Sent from my SM-G973U using Tapatalk


----------



## SPAAtlas (Jun 25, 2019)

KarstGeo said:


> Hide it away....
> 
> Sent from my SM-G973U using Tapatalk


:thumbup: All day long! With all of the tech in vehicles now, there really is no reason to clutter up your windshield with devices and mounts.


----------



## diesel_sipper (Feb 22, 2018)

I found this on amazon, more or less for the ease of tossing small items up onto the dash without them rolling around in the empty cubby space. It has a phone holder that faces the driver, however I don't use that feature due to having AA.


picture hosting


----------



## foofighter28 (Aug 4, 2000)

mike2018 said:


> I put my phone in same palace most of the time.
> 
> I have been looking for a phone dock where the phone slide in without using my other hand to connect the usb cable similar to the quick connection dock that comes in some Tesla models.
> Unfortunately, i could not find one.


Look up proclip they make a mount with the charge plug


Sent from my iPhone using Tapatalk


----------



## foofighter28 (Aug 4, 2000)

diesel_sipper said:


> I found this on amazon, more or less for the ease of tossing small items up onto the dash without them rolling around in the empty cubby space. It has a phone holder that faces the driver, however I don't use that feature due to having AA.
> 
> 
> picture hosting


I saw that on Amazon as well, interesting that the phone holder skews towards the driver. that's pretty neat


----------



## TablaRasa (May 12, 2008)

foofighter28 said:


> I saw that on Amazon as well, interesting that the phone holder skews towards the driver. that's pretty neat


I have that too, although never used it.

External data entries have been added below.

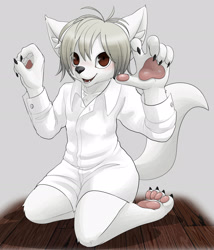 Size: 2273x2651 | Tagged: safe, artist:yamori, oc:misha (yamori), arctic wolf, canid, mammal, wolf, anthro, boy, cub, male, solo boy, solo cub, solo male, young, blonde hair, blushing, brown eyes, claws, clothing, dress shirt, fingers, fur, hair, kemono, kemoshota, kneeling, looking at you, pawpads, paws, solo, white fur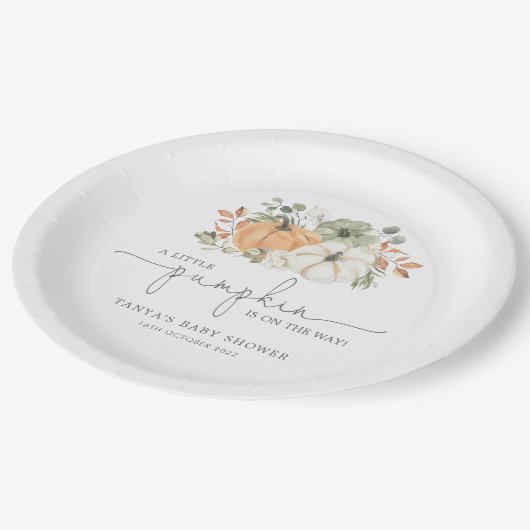 秋小さなかぼちゃの赤ちゃんシャワー ペーパープレート (アングル)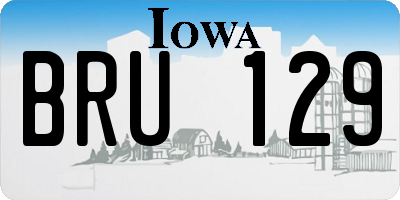 IA license plate BRU129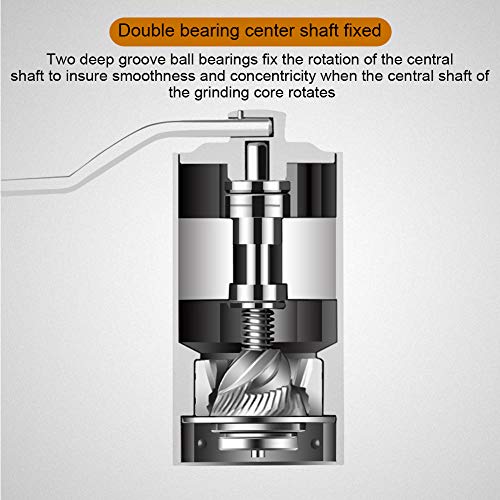 NITRIP Fresadora de café Molino de manivela de Mano Mango Desmontable de Acero Inoxidable de Color Rojo para Viajes de Oficina Amante del café en casa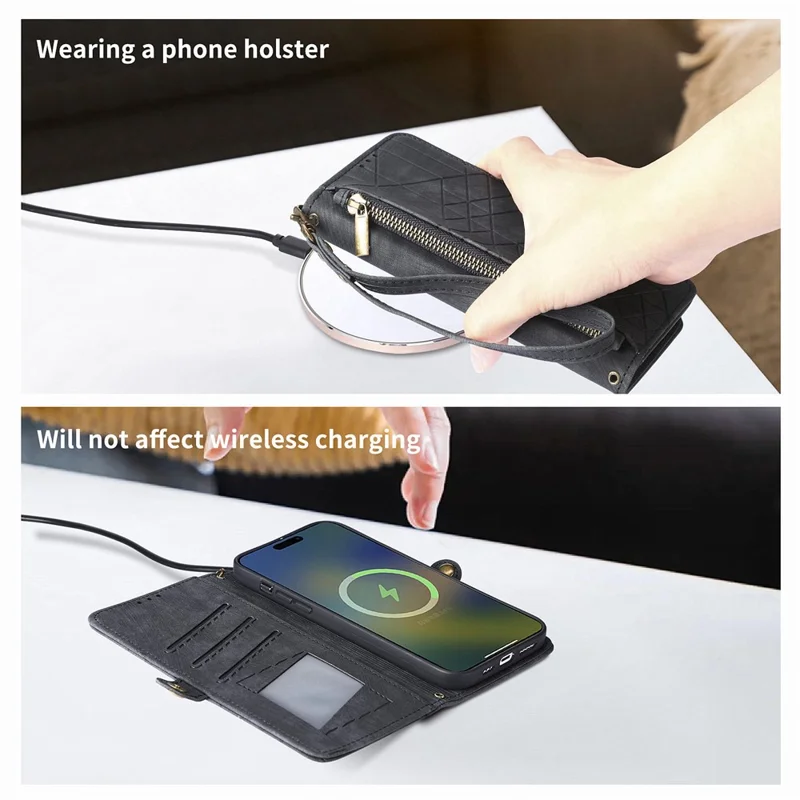 For Xiaomi 17 Pro Max Case Zipper Wallet Geometry Lines Leather Phone Cover with Strap - Black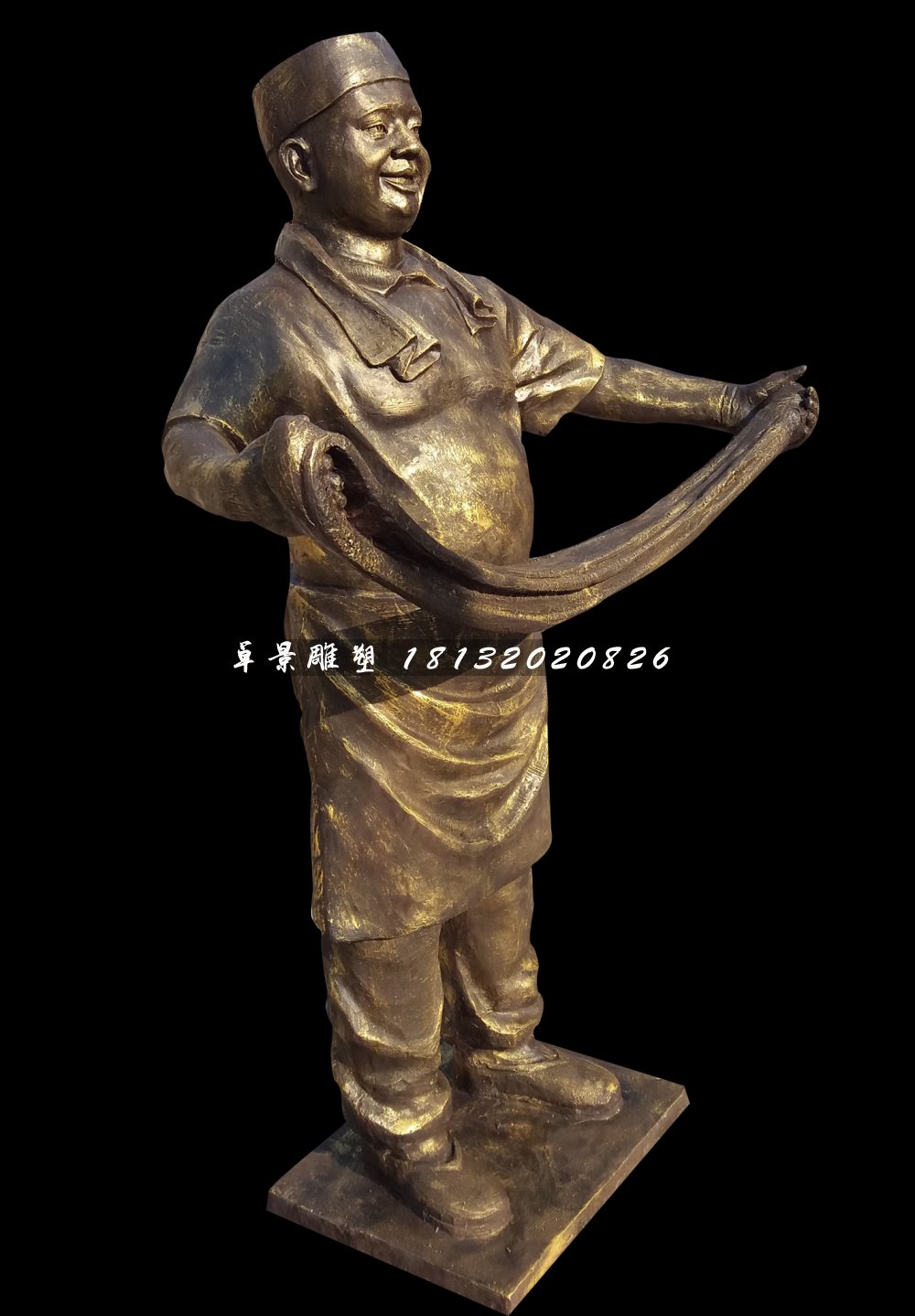 拉面雕塑，玻璃鋼仿銅人物雕塑 (1)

I just have the usual vent clip. https://www.amazon.com/Leebote-Anti...t=&hvlocphy=9003743&hvtargid=pla-788457489811


----------



## paramedick (Mar 12, 2003)

foofighter28 said:


> Look up proclip they make a mount with the charge plug
> 
> 
> Sent from my iPhone using Tapatalk


And it’s wonderful. They also have vehicle specific mounts. A bit pricey, but worth it.


----------



## avazquez49 (Aug 28, 2019)

foofighter28 said:


> I'm using Android auto right now and it's tethered to the USB port and resides in the cubby in the center console. I would like to have it up more at eye level, yes it defeats the purpose of Android Auto. It would just be nice to have it more secured.



I have a magnetic mount and it works great. 













Sent from my iPhone using Tapatalk


----------



## foofighter28 (Aug 4, 2000)

avazquez49 said:


> I have a magnetic mount and it works great.
> 
> 
> 
> ...


I had that same mount but have it to my daughter for her car. You like that location?


Sent from my iPhone using Tapatalk


----------